TULSA — A "Star Search" grand prize winner, a drummer with platinum album sales, a pioneer for women in country music and the official "Oklahoma Balladeer" will be inducted into the Oklahoma Music Hall of Fame in November. Sam Harris, Jamie Oldaker, Jean Shepard and Les Gilliam join the ranks of honorees as the 2010 class of inductees.
The newest inductees were announced Monday at a news conference at the Tulsa Press Club.
The four will perform at the 14th annual Oklahoma Music Hall of Fame Induction Ceremony and Concert at 7 p.m. Nov. 4 in the Muskogee Civic Center, 425 Boston St.
Harris, Oldaker, Shepard and Gilliam will join other music performers and artists who have been recognized by the Oklahoma Music Hall of Fame since 1997, including Vince Gill, Toby Keith, Merle Haggard, Wanda Jackson, Hank Thompson, The All American Rejects and Carrie Underwood.

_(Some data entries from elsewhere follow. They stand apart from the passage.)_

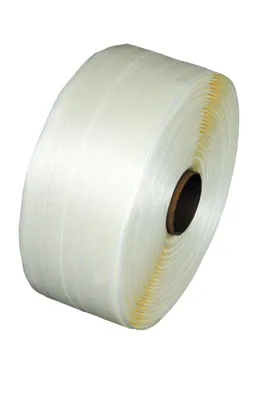 Immagine prodotto di Cinghia di reggiatura, poliestere, incollata 13 mm, 3750 N, rotolo grande con 1100 metri (anima da 76 mm)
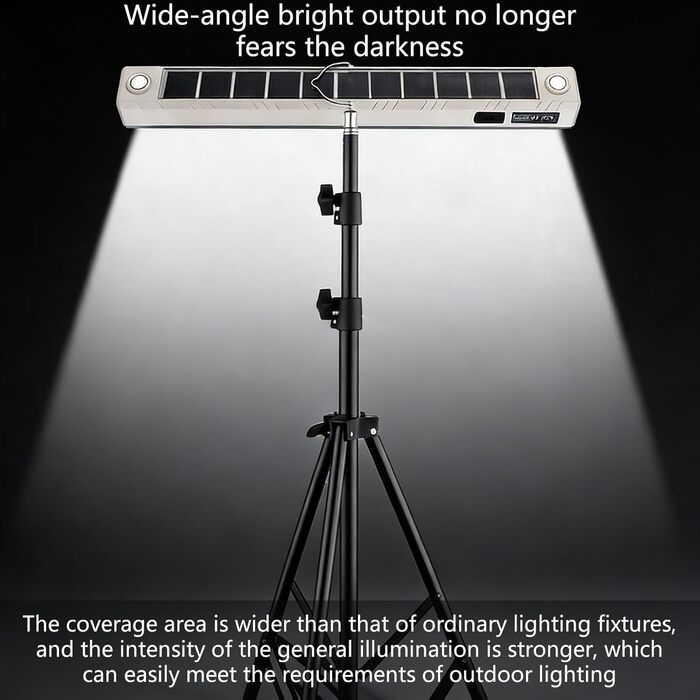 Акумуляторний сонячний світлодіодний ліхтарик для кемпінгу на відкритому повітрі для надзвичайних ситуацій та роботи, міцний, водонепроникний, для використання в наметі, зелений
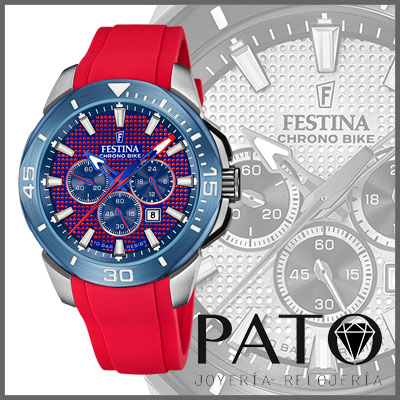 Watch F20642/2 Festina Bike Men\'s Chrono Red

"All four of this year's inductees are worthy recipients of this honor," said Holly Rosser-Miller," the hall's board president. "Each has contributed different types of notoriety and musical talent to the rich heritage of Oklahoma musicians."
Harris, a Cushing native who grew up in Sand Springs, has spent more than two decades in the public eye with a career including singing, acting, writing, producing and directing. He became a household name during the premiere season of TV's "Star Search" when 25 million viewers tuned in week after week to follow him.
In an oversized tailcoat and Converse sneakers, Harris sang an emotionally charged version of "Somewhere over the Rainbow," winning the grand prize. Harris has recorded nine studio albums that have sold in the millions.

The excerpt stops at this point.